Oracle Cloud Shell Configuration
The Oracle Cloud Shell is an embedded terminal/command-line interface that can you can use within the Oracle Console. Oracle Cloud Shell comes with tools pre-installed like the Oracle Cloud SDK, oci
command-line tool, and Terraform pre-installed to manage and automate your projects and resources in your environment.
Lacework provides a command-line interface tool that can generate Terraform code, install the Terraform CLI (if not installed), and run Terraform inside the Oracle Cloud Shell.
Step 1. Launch Oracle Cloud Shell within Oracle Console
To open Oracle Cloud Shell, first ensure that your home region is selected in the Regions menu at the top right of the OCI web console. Then click the Cloud Shell icon in the header bar. The Cloud Shell launches in a pane at the bottom of the browser, by default.
Step 2. Install the Lacework CLI in Oracle Cloud Shell
The Terraform provider for Lacework leverages the configuration from the Lacework CLI to authenticate with the Lacework API and configure accounts. Run the following commands to install the Lacework CLI:
mkdir -p "$HOME"/bin
curl https://raw.githubusercontent.com/lacework/go-sdk/main/cli/install.sh | bash -s -- -d "$HOME"/bin
echo 'export PATH=$PATH:$HOME/bin/' >> ~/.bashrc
When the script completes, type exit
followed by enter and close the shell. After the shell exits, open Cloud Shell again and the Lacework CLI will be ready to use.
For general information on the Lacework CLI, see Get Started with the Lacework CLI.
Step 3. Create Lacework API Key
The Lacework CLI requires an API key and secret to authenticate with Lacework. Lacework API keys can be created by Lacework account administrators via the Lacework Console. For more information, go to API Keys.
It is recommended to use a service user API key. To do so, create a service user account in Lacework. You can then create an API key for the user:
- Log in to the Lacework Console as a user in the Admin role or with write permissions for API keys.
- Click Settings > Configuration > API keys.
- Click + Add New.
- Enter a name for the key and an optional description.
- Enable the Assign this to a service user option and choose the user you created from the list.
- Click Save.
- Click the ... icon and then Download to save the API key file locally.

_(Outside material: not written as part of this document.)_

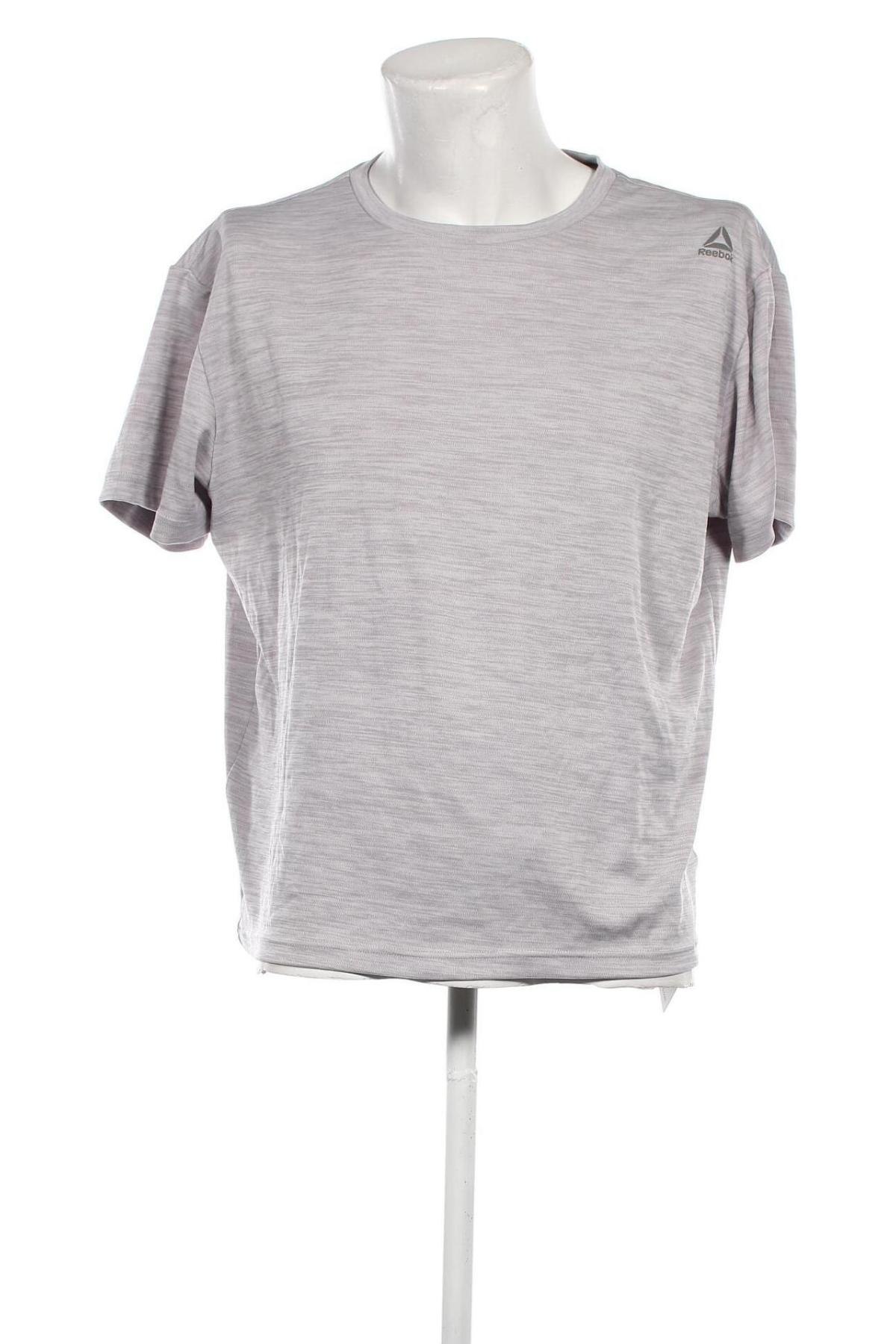 Мъжка тениска Reebok, Размер L, Цвят Сив, Цена 22,14 лв.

The contents of your API key contain a keyId
secret
, subAccount
, and account
:
{
"keyId": "ACCOUNT_ABCEF01234559B9B07114E834D8570F567C824039756E03",
"secret": "_abc1234e243a645bcf173ef55b837c19",
"subAccount": "myaccount",
"account": "myaccount.lacework.net"
}
Step 4. Configure the Lacework CLI
Oracle Cloud Shell lets you drag-and-drop the generated JSON key file to your Cloud Shell window to upload it to your home directory.

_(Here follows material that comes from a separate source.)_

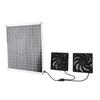 Solar Panel Powered Fan Portable Outdoor Multifunctional Solar Air Circulation Fan Kit 20W12V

To configure the CLI with the API key downloaded from the previous step, use the lacework configure
command in Cloud Shell and provide the following:
account
: Account subdomain of URL (i.e.YourAccount.lacework.net
)api_key
: API Access Keyapi_secret
: API Access Secret
Run the configure
CLI command:
user@cloudshell:~ (us-sanjose-1)$ ./bin/lacework configure -j ACCOUNTCE4D_60BE.json
▸ Account: myaccount.lacework.net
▸ Access Key ID: ACCOUNT_ABCEF01234559B9B07114E834D8570F567C824039756E03
▸ Secret Access Key: (*****************************7c19)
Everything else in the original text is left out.